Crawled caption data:
□ □ □ □

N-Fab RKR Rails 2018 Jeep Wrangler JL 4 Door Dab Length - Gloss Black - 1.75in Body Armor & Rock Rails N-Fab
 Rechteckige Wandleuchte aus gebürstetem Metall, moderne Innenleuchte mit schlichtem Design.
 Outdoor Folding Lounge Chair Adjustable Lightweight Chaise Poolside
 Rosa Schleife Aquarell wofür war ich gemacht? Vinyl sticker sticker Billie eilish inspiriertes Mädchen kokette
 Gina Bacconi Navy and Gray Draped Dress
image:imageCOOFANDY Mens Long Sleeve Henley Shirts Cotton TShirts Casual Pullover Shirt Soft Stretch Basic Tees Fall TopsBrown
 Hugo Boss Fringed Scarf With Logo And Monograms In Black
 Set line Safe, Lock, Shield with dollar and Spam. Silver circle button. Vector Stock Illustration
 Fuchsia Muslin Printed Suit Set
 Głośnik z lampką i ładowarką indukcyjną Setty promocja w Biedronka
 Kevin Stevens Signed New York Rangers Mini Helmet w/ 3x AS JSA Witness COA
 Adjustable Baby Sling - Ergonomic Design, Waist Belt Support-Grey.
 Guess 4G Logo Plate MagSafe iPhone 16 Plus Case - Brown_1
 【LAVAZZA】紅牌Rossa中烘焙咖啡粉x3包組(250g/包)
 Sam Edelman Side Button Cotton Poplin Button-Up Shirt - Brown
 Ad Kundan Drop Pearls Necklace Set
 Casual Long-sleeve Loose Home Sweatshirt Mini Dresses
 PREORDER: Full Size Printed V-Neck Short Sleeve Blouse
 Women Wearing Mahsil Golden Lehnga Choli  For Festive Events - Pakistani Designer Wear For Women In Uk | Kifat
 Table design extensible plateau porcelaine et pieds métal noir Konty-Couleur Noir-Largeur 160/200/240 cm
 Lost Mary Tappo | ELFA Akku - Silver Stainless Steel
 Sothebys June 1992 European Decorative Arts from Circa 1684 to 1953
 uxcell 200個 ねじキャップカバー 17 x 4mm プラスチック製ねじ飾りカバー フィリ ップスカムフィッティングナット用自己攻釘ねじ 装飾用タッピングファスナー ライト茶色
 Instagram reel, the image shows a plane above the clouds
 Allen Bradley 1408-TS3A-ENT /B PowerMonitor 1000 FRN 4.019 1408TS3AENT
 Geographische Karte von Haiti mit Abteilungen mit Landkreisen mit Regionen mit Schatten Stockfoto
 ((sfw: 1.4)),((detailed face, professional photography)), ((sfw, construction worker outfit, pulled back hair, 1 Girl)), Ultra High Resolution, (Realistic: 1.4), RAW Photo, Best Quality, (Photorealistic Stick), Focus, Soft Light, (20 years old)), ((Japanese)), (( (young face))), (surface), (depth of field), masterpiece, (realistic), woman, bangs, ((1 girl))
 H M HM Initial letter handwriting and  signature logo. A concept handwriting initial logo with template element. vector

□ □ □ □

_EXERCISE AIM_: The answer must be the line containing "Głośnik z lampką" and every line after it through the end of the records, repeated exactly.

_REPLY TO THE TASK_:
 Głośnik z lampką i ładowarką indukcyjną Setty promocja w Biedronka
 Kevin Stevens Signed New York Rangers Mini Helmet w/ 3x AS JSA Witness COA
 Adjustable Baby Sling - Ergonomic Design, Waist Belt Support-Grey.
 Guess 4G Logo Plate MagSafe iPhone 16 Plus Case - Brown_1
 【LAVAZZA】紅牌Rossa中烘焙咖啡粉x3包組(250g/包)
 Sam Edelman Side Button Cotton Poplin Button-Up Shirt - Brown
 Ad Kundan Drop Pearls Necklace Set
 Casual Long-sleeve Loose Home Sweatshirt Mini Dresses
 PREORDER: Full Size Printed V-Neck Short Sleeve Blouse
 Women Wearing Mahsil Golden Lehnga Choli  For Festive Events - Pakistani Designer Wear For Women In Uk | Kifat
 Table design extensible plateau porcelaine et pieds métal noir Konty-Couleur Noir-Largeur 160/200/240 cm
 Lost Mary Tappo | ELFA Akku - Silver Stainless Steel
 Sothebys June 1992 European Decorative Arts from Circa 1684 to 1953
 uxcell 200個 ねじキャップカバー 17 x 4mm プラスチック製ねじ飾りカバー フィリ ップスカムフィッティングナット用自己攻釘ねじ 装飾用タッピングファスナー ライト茶色
 Instagram reel, the image shows a plane above the clouds
 Allen Bradley 1408-TS3A-ENT /B PowerMonitor 1000 FRN 4.019 1408TS3AENT
 Geographische Karte von Haiti mit Abteilungen mit Landkreisen mit Regionen mit Schatten Stockfoto
 ((sfw: 1.4)),((detailed face, professional photography)), ((sfw, construction worker outfit, pulled back hair, 1 Girl)), Ultra High Resolution, (Realistic: 1.4), RAW Photo, Best Quality, (Photorealistic Stick), Focus, Soft Light, (20 years old)), ((Japanese)), (( (young face))), (surface), (depth of field), masterpiece, (realistic), woman, bangs, ((1 girl))
 H M HM Initial letter handwriting and  signature logo. A concept handwriting initial logo with template element. vector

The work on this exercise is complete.